Problem to solve
Your job with the data below is to output exactly the lines from the one holding "Madonna 16oz Frosted Beer Stein" down to the one holding "Fits Nice In", both included, and no others.

Segment Start: The records

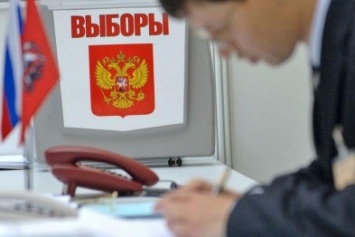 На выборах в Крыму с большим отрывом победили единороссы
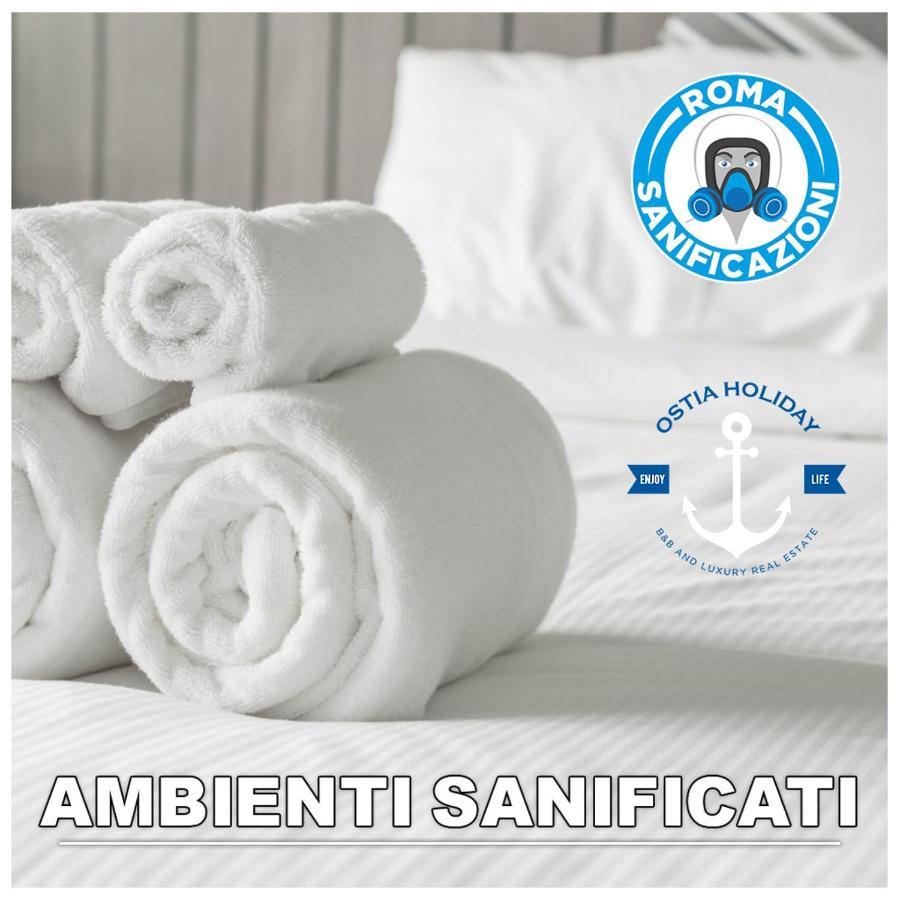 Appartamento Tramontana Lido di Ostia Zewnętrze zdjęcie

Segment End: The records
Segment Start: The records

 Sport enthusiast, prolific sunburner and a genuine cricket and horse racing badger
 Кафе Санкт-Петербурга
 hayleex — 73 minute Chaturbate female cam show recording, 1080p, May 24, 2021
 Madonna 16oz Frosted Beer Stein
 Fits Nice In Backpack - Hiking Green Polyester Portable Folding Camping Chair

Segment End: The records

Response
 Madonna 16oz Frosted Beer Stein
 Fits Nice In Backpack - Hiking Green Polyester Portable Folding Camping Chair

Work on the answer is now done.